Hukuk iktidarı örgütler
Öğreti ve pratiğin temel kuramlarına göre modern anayasal devlette, devlet organlarını ve erklerini belirleyen, onların birbirinden farklılaşmasını sağlayan hukuktur. İktidar hukukla, hukuka başvurarak örgütlenir. Server Tanilli’nin deyimiyle “Hukuk; bir yandan iktidarı örgütler, kurumlaştırır, yönetilenler gözünde meşru da göstermeye yarar.” Dolayısıyla modern anayasal devlette iktidar, hukuku ve hukuk uygulamasından doğan yargı işlevini belirle(ye)mez ve denetle(ye)mez. Tam tersine, iktidarın işlevleri hukuk tarafından belirlenir ve denetlenir. Bu ilke, politikanın hukuku “çelik ağların arasına alma” girişimlerine karşı şeffaf, meşru bir koruma zırhı oluşturma anlamı taşır ve demokrasi açısından bir gerekliliği vurgular. Zira bu gereklilik, iktidarın hem yürürlükteki pozitif hukuka uygun olma ölçüsünde kanuniliğini hem de toplumda belli bir zamanda yaygın olarak kabul gören “evrensel normlara” uygun yönetim biçimi olma ölçüsünde “meşruluğunu” sağlar. Biri hukuksal (kanunsallık), diğeri sosyolojik (meşruiyet) olan iki koşulun bir arada gerçekleşmesine olanak yaratır. F. Pollock, iktidar açısından hukukun bu oluşturucu/kurucu ve sürdürücü özelliğini “Vücut için kemikler neyse, siyasal kurumlar için de hukukun önemi odur” şeklinde tanımlar. Pollock hukukun siyasal, ekonomi-politik özelliğini açıklarken de “Hukuk, bir bakıma toplumun egemen ideolojisini hem yansıtır hem de bekçiliğini yapar. Birey, grup ve sınıflararası ekonomik, sosyal ve siyasal çıkar çatışmalarının bir sonucu, daha doğrusu geçici dengesidir” der. Bu gerçeklik karşısında şu soruları sormak kaçınılmaz değil midir? Hukuk böylesine önemli bir denge ise, bu denge (Deniz Feneri yargılamalarında olduğu gibi) iktidar eliyle bir kısım bireyler, gruplar veya sınıfların lehine veya aleyhine bozulursa ne olacaktır? Ya da “ekonomik ilişkilerin yansıdığı bir iradeler ilişkisi olan hukuksal ilişkide” bu iradelerden biri sürekli belirleyici olmak istiyor ve bunu gerçekleştiriyorsa, nasıl bir sonuç ortaya çıkacaktır?

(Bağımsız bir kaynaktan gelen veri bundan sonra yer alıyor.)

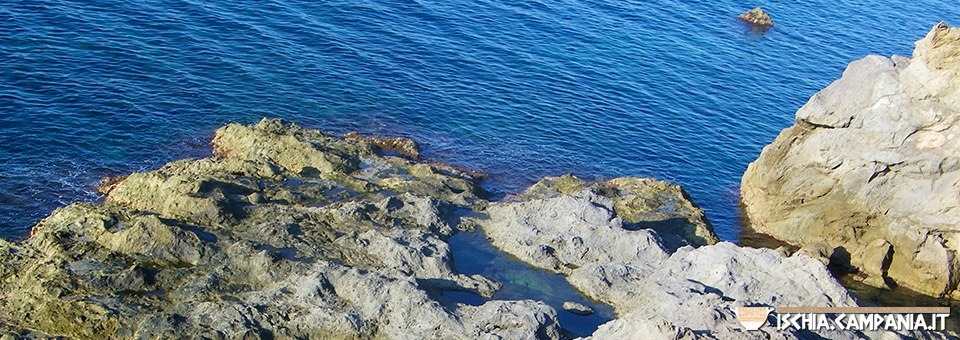 A mare sugli scogli di Zaro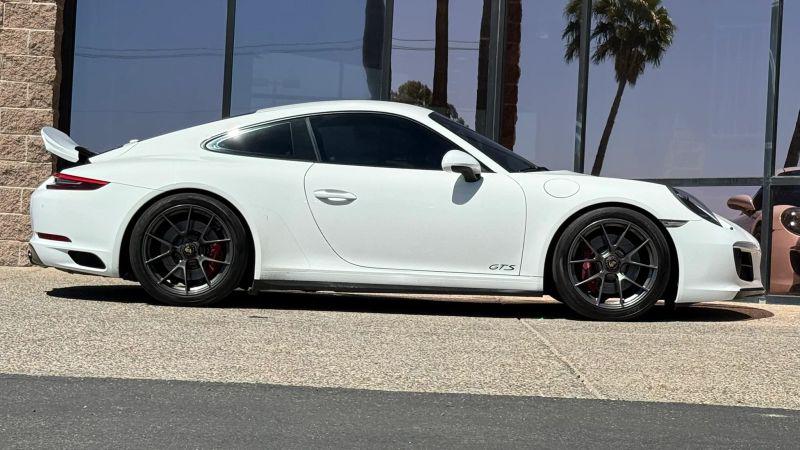 2017 Porsche 911 Carrera GTS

Bu durumda modern anayasal devletin bir “hukuk devleti” kavramıyla birlikte gelişmiş olduğu, bu yapısıyla da söz konusu “olası tehlikelere karşı” kimi koruyucu güvence ve mekanizmalar geliştirdiği öne sürülebilir. Hukuk devletinin “hukuk güvenliğini” sağlayıcı bu ¦mekanizmaları işletilmez, ihlal edilir ve hukuk/ yasalar iktidar tarafından politik amaçlarla araçsallaştırılırsa, bu koşullarda hukuk devletinin değil “kanun devletinin” varlığı söz konusu olacaktır. İki kavramın tanımladığı koşul ve ilkelerdeki büyük ve esaslı farklara karşın, pratikte bu kavramlar yanlış ve tehlikeli bir şekilde, benzer anlamları ifade etmek üzere kullanılıyor.

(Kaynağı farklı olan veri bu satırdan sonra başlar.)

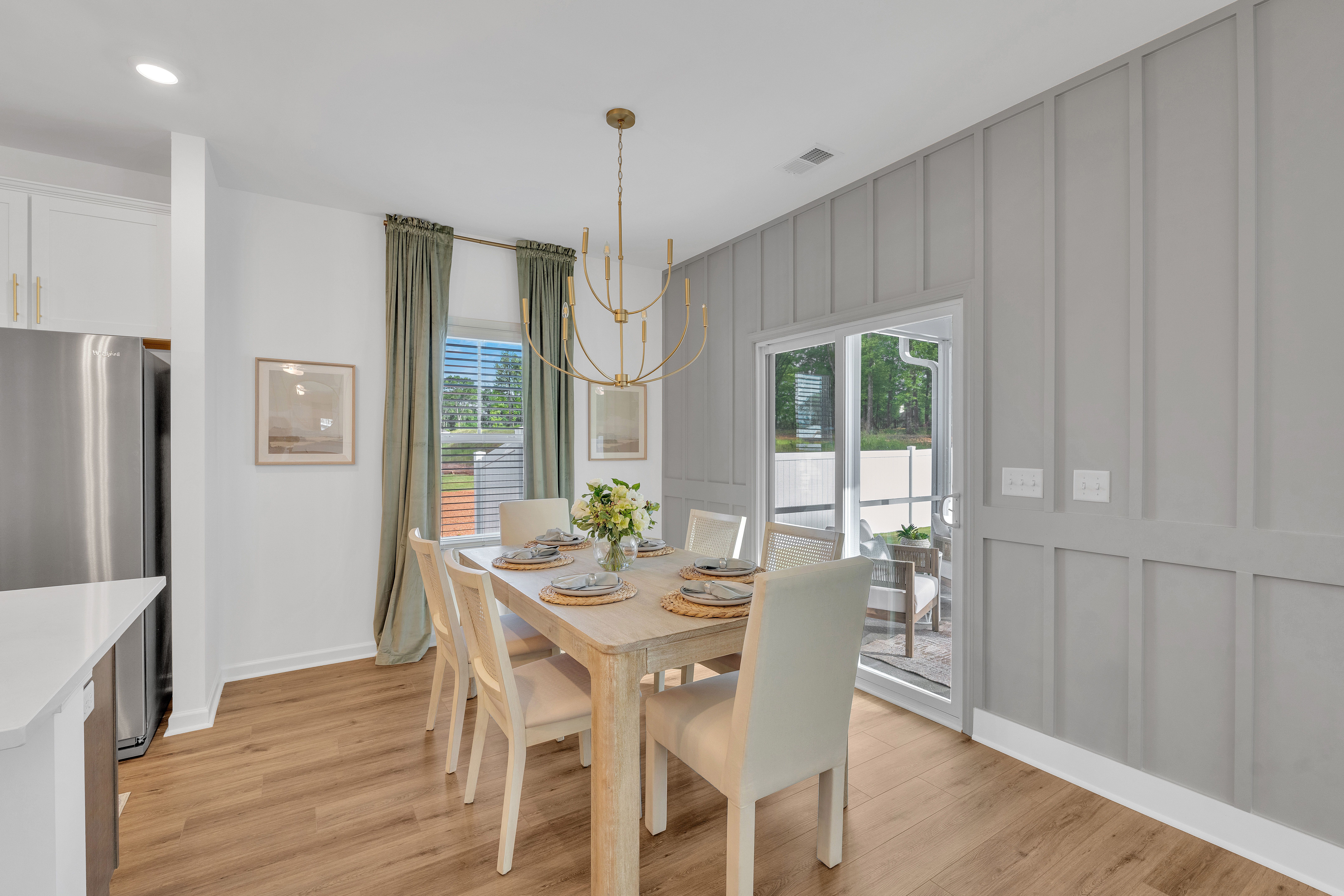 Benton II - Dining Room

Oysa kanun devleti “her şekil ve koşulda, ne pahasına olursa olsun kanunu mutlak gören ve yalnızca kanuna uygunluk”tan ibaret bir hukuk anlayışı ve uygulamasının hâkim olduğu bir yapıyı tanımlar. Kanun devletinde usulüne göre kabul edilmiş ve yayımlanmış bir kanun, pozitif hukukun kapsamına girer girmez geçerli olur. Kanun düzenlemelerinin “adaletin gereği olup olmadığı” bu geçerliliği etkilemez, başka deyişle kanun düzenlemesi ile ahlak arasında zorunlu bir bağ olması aranmaz. Dolayısıyla hukukun, düzen ve sosyal ihtiyaçları karşılama gibi toplumsal işlevlerinin yanı sıra adalet değerini gerçekleştirmek gibi kültürel temel bir işlevi olduğu gözetilmez, hatta bütünüyle unutulur.
Ülkemizde, toplumsal adalet bilincini ve algısını parçalayan bir süreç yaşanıyor; bağımsızlığı tartışılır hale getirilen mahkemelerde yürüyen yargılamaların çoğunda kanun devleti/hukuk devleti kıskacında hukukun üstünlüğü yok sayılıyor ve adalet yitiriliyor. Beccaria, yüzyıllar öncesinden günümüze seslenmeye devam ediyor.